That was some of the good news shared by Derek Stewart, winner of the Pharmacy Practice Research Trust 2011 practice research award at the Royal Pharmaceutical Society’s Conference, held in London (11–12 September).
But as you might expect from anyone committed to research, Professor Stewart is not afraid to point out where more work is needed. He told the audience that more evidence is needed to show the outcomes associated with pharmacist prescribing.
In his address, Professor Stewart, who is professor of pharmacy practice at the school of pharmacy and life sciences at Robert Gordon University in Aberdeen, described encouraging research that explored patient perceptions of pharmacist prescribers. It seems that most patients are supportive of pharmacist prescribing and are happy with the service they receive from pharmacists.

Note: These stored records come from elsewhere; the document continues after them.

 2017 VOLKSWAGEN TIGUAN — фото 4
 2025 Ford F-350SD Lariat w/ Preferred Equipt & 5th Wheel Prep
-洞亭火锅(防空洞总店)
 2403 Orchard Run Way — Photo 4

However, he said most patients involved in the research reported that they did not know what to expect from their first consultation with the pharmacist. “I don’t think we are telling people what … we can do for them,” Professor Stewart concluded.

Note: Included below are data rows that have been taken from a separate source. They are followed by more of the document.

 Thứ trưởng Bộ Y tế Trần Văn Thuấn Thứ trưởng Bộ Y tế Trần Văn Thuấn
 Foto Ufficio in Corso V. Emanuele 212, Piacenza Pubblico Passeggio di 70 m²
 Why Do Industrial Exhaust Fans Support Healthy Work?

So more needs to be done to make the public more aware of pharmacists as prescribers. Yet it appears that the profession needs to look closer to home. Professor Stewart presented research conducted in 2011 indicating that one in five newly registered pharmacists were not aware of the term “non-medical prescriber”.
This research also showed that very few preregistration trainee pharmacists spend time with a pharmacist prescriber during their training. “I think we still have a lot to do in the current undergraduate programmes and I know as we are reshaping and reviewing the pre-reg year we will look at that as well,” he said.
But in terms of future research, Professor Stewart believes that the priority needs to be the outcomes associated with pharmacist prescribing so that the profession can formulate a definite strategy for prescribing: “We really need … to focus on outcomes, outcomes other than patient satisfaction,” he said, adding: “I think we have a fairly long way to go in developing models of best practice. What works? Where does it work? Why does it work? And can we translate it?”
Not only is more high-quality research required, but, according to Professor Stewart, there is much that the profession can do to develop a strategy around pharmacist prescribing. “Within our profession we are not good in terms of the strategy around pharmacist prescribing. There is no clear strategic document. There are policy documents, but what are we as a profession trying to achieve?”
It sounded like a challenge to the profession as a whole.